The US under Trump is demanding the Europeans spend more on defence, partly in order to subsidise US arms spending. Germany for instance has promised to buy US-made air defence systems to then donate to Ukraine. The expenditure will be part of the agreed 3.5 percent hike in defence spending across NATO. But the underlying question is who will pay?

Growing arms expenditure in Europe will not come from taxing the rich, but as a cost for working people across the continent. Recent studies by the likes of the Kiel Institute for the World Economy (Fit for war by 2030? European rearmament efforts vis-à-vis Russia) suggest Europe lags far behind Russia in terms of military production and remains technologically dependent on the US. Attempts to reverse this will need to overcome the limited scale and the fragmentation in the European military sphere.

But this is unlikely in the short term, as coordinating the military capacity of 27 member states requires a level of political cohesion that is simply missing in Europe. Witness how France and Italy have not followed Germany in buying US materiel to send on to Ukraine. So, all the talk of the return of military Keynesianism as a quick fix to pull Europe’s sinking economy back up is just pie in the sky. What increased military spending will do, however, is lead to more cuts to welfare.

This is particularly evident in Britain, where Keir Starmer’s government has made deeply unpopular cuts to international aid, Winter Fuel Allowance and disability benefits, while sticking to the two-child benefit cap, explicitly linking some of these austerity measures to the need to spend more on the military. Starmer has even been at the forefront of attempts at orchestrating a future European military presence in Ukraine in the hypothetical eventuality of that being agreed to as part of a peace agreement.

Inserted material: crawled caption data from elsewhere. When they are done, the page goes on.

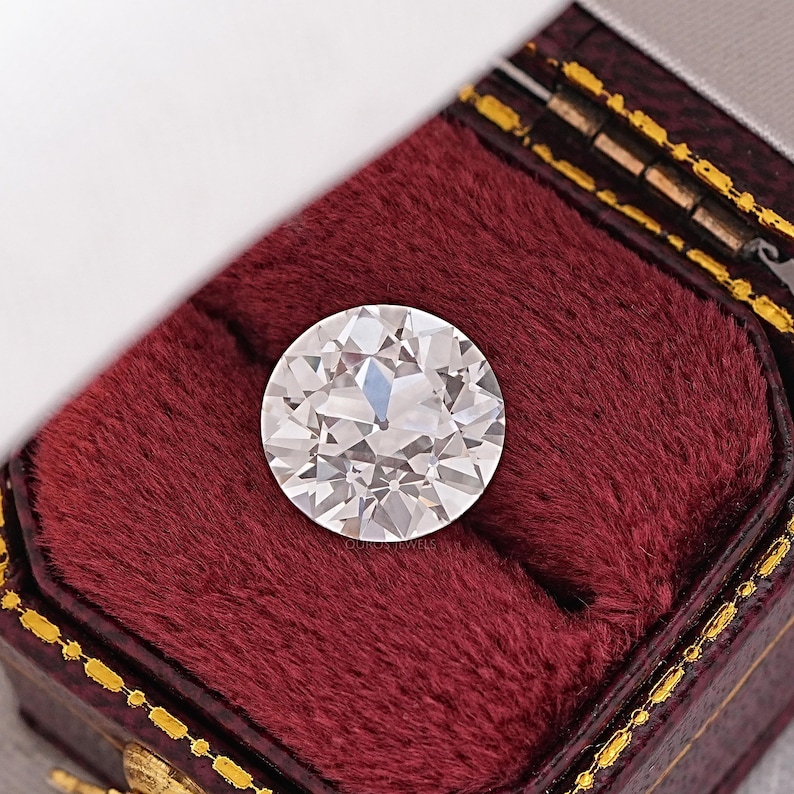 May include: A large, round, clear diamond gemstone is displayed in a red velvet ring box.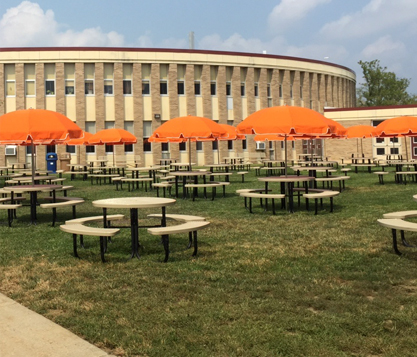 Orange Frankford Laurel Patio Umbrellas shade tables at Cherokee High School in Marlton, New Jersey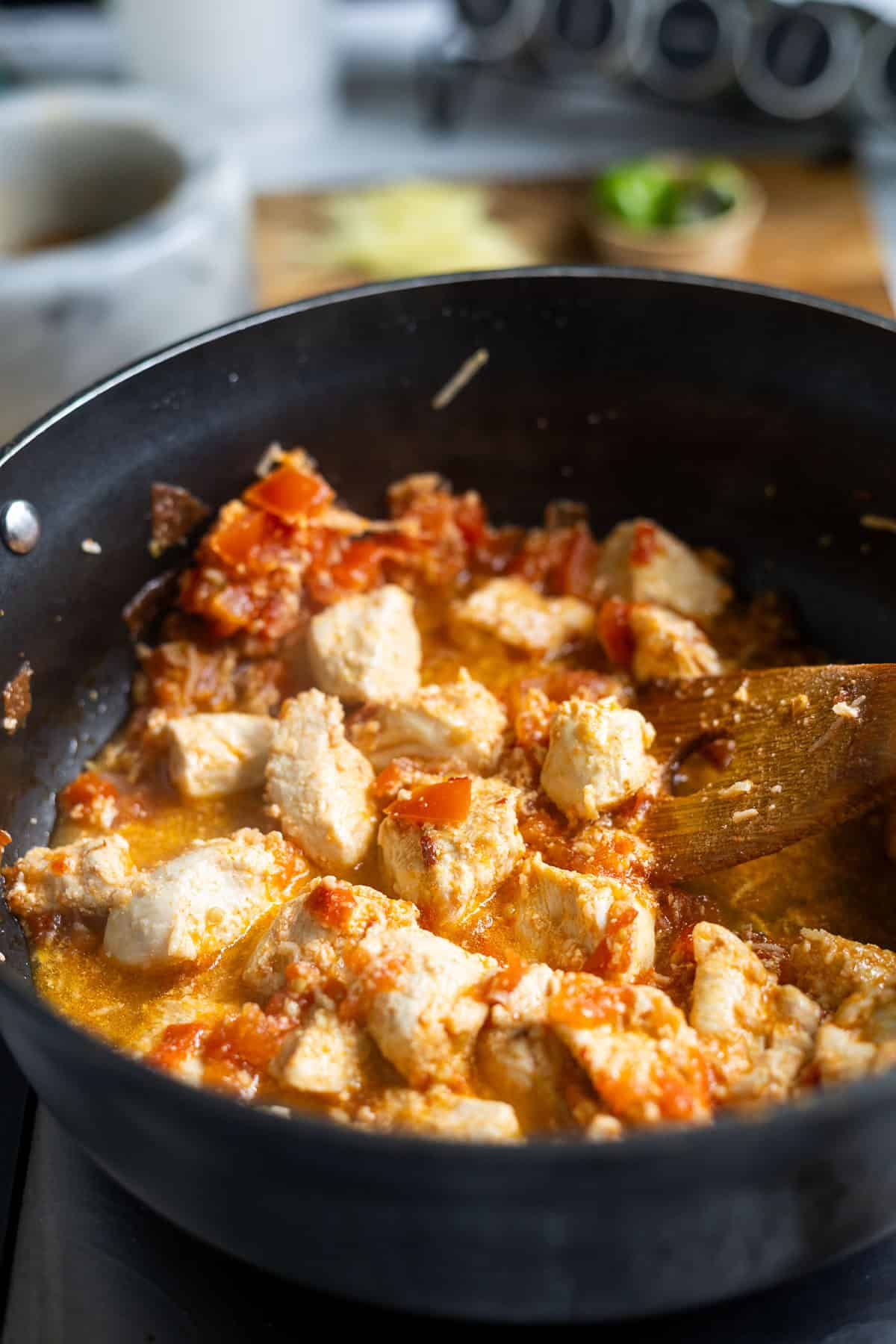 Chunks of chicken simmering in a skillet with chopped tomatoes and sauce, being stirred with a wooden spoon-just like an authentic Karahi Chicken. Kitchen utensils and ingredients are blurred in the background.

It cannot be surprising that Starmer’s government is also at the forefront of suppressing antiwar activism and opposition to austerity. War abroad can only be financed by war at home: on welfare and democracy. The clampdown on protest rights, symbolised by the harsh policing of pro-Palestine demonstrations, taking to court of figures like Chris Nineham of the Stop the War Coalition and Ben Jamal of the PSC, and the banning of Palestine Action, to name a few, has been accompanied by ritual removal of the whip to Labour MPs who reject the logic of replacing the welfare state with the warfare state.

Rather than a PM who fawns over Donald Trump, we need a clean break with the traditional policy of toeing the line and bowing to the United States. What we need is a new approach that will prioritise peace and justice abroad and at home. In Ukraine, that means that there needs to be a serious push for genuine and serious negotiations involving all sides, aiming for a deal akin to the one in spring 2022. That is in the best interests of ordinary Ukrainians, but also Russians and Europeans. Such a policy shift, though, will not come from the establishment, but from the pressure of millions of ordinary people mobilised on the streets for an alternative foreign policy.